After The Fall: Activist Maya Little Reflects On Silent Sam And Her Own Fate
Silent Sam may no longer be standing on the University of North Carolina at Chapel Hill campus, but activist Maya Little says the fight is far from over.
Little defaced the Confederate monument earlier this year with red paint and her own blood and faces criminal charges for her actions. In the aftermath of the statue’s toppling, Little says the empty pedestal speaks to the anger and agency of the activists.
Host Frank Stasio speaks with UNC history doctoral student Maya Little about her involvement in Monday night’s events, her reflections on the power of protesters and her criminal charges.
On the power of the movement against Confederate monuments:
It’s been direct action and community solidarity and people taking these things into their own hands which has changed the landscape. And that’s not just in Chapel Hill. That’s in Durham, that's in Charlottesville, that’s in Portland. That’s been people taking to the streets marching against fascism, marching against institutional white supremacy, marching into the forces that deny us our dignity.

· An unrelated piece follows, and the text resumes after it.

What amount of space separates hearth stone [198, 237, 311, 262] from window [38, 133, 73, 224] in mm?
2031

On the long history of action against Silent Sam:
This movement has been 50 years in the making. There've been so many protests of students —black student activists, workers and community members — against this statue and against white supremacy at UNC. And the administration has never responded. When students have said: We’re in pain. This statue is causing us direct harm. The people who gather around this statue are dangerous, and they call for us to be lynched. The university didn’t respond. The only time the university has responded has been to harass, surveil and target anti-racist activists.
On what should happen now in McCorkle Place:
I’ve heard a lot of different takes on that. I mean for one, it is now a historical place itself. The pedestal — completely empty now — has a lot of meaning too. [It] has now become a historic moment as well. I think the empty pedestal is something we can remember. People have stopped and stared at this empty plinth where a couple days ago a 20-foot-tall smirking armed Confederate soldier stood.
On the criminal charges and expulsion she still faces:
In terms of what I’m facing for my honor court charges, I could be expelled by the university for, apparently, actions unbecoming of a UNC affiliate. I don’t think standing against a racist monument is actions unbecoming a UNC affiliate. That’s not the UNC I want to be at. In regards to my criminal case, the maximum punishment I’m facing is 60 days in jail … When it comes to the criminal charges, I mean this is in Orange County. This is very interesting because the Orange County court system also has a history of being incredibly reactive to black activism.